Suthikshn Kumar, Kevin Forward and M. Palaniswami Department of Electrical and Electronic Engineering, The University of Melbourne, Parkville, VIC-3052 Australia

### Abstract

FPGA implementation of artificial neural networks calls for multipliers of various word length. In this paper, a new algorithm for generating variable word length multipliers for FPGA implementation is presented. The multipliers generated are based on a Booth Encoded optimized Wallace tree architecture. Several features of FPGA architecture are used to generate fast and efficient multipliers. These multipliers are shown to be 20% faster than existing FPGA multiplier implementations.

# 1 Introduction

Recently, several researchers have implemented artificial neural networks in Field Programmable Gate Arrays(FPGA)[1],[2].These implementations have achieved very good speeds through the use of finite precision arithmetic. An extensive error analysis of finite precision arithmetic has been carried out by Holt and Hwang[7]. Their results show that the number of bits required to represent different parameters like weights, biases, activation, inputs and outputs vary depending on the algorithm. For example, while 13 to 16 bits are required for representing weights for back propagation learning, 7 to 8 bits are sufficient for forward retrieving. By taking these results into account FPGA implementations can keep the system cost low while achieving the best speeds possible. For implementing finite precision hardware, one needs to design arithmetic units such as adders and multipliers of various word lengths. The recent introduction of X-BLOX design tools[4] is a step in this direction. X-BLOX design tools synthesize efficient adders, comparators, accumulators etc. However X-BLOX design tools do not generate multipliers. In order to speedup the process of multiplier design, XGEN, a tool written in C++, has been developed. XGEN is a multiplier generator and differs from other multiplier generators[9], in that it is particularly developed for FPGA implementation. It takes advantage of XC4000 Xilinx FPGA's internal architecture to generate fast and compact multipliers. Several multipliers have been generated using XGEN and extensive simulations have been carried out to test them. The results show that the multipliers generated are 20% faster than implementations reported in literature[10] for word lengths upto 16-bits. This improved performance is achieved at the cost of higher number of programmable logic gates compared to [10].

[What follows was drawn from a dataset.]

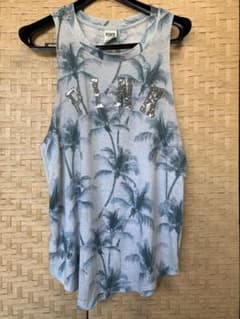 アメリカ購入PINK Victoria's Secret タンクトップのサムネイル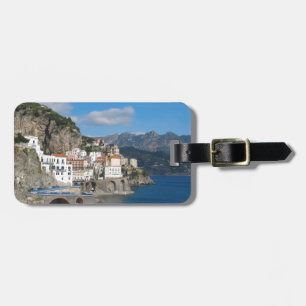 Avlägset beskåda av Atrani på den Amalfi kusten Bagagebricka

The structure of this paper is as follows: In section 2, a brief overview of FPGA architecture is given. In section 3, a brief discussion about Booth encoded Wallace tree multipliers is given. In section 4, the multiplier generator XGEN is described along with the simulation results. In section 5, conclusions of using XGEN are presented.

# 2 FPGA Architecture

FPGA's store their configuration data in SRAM. Hence these devices can be re-configured to change the logic function while they are embedded in the system. Hardware can be changed as easily as software. XC4000 series is the third generation FPGA's introduced by Xilinx[3]. It supports system clock rates of 40 to 50 MHz. The devices in XC4000 series have programmable logic densities of up to 20,000 gates per chip. These FPGA's comprise of three kinds of configurable basic blocks i.e., configurable logic blocks(CLB's), input/output blocks(IOBs) and Switch matrix interconnections (ICNs). Figure 2.1 shows the block diagram of an FPGA. The CLBs provide functional elements for constructing the user's logic. The IOBs provide the interface between the package pins and internal signal lines. The ICNs provide routing paths to connect the inputs and outputs of the CLBs and IOBs onto the appropriate networks.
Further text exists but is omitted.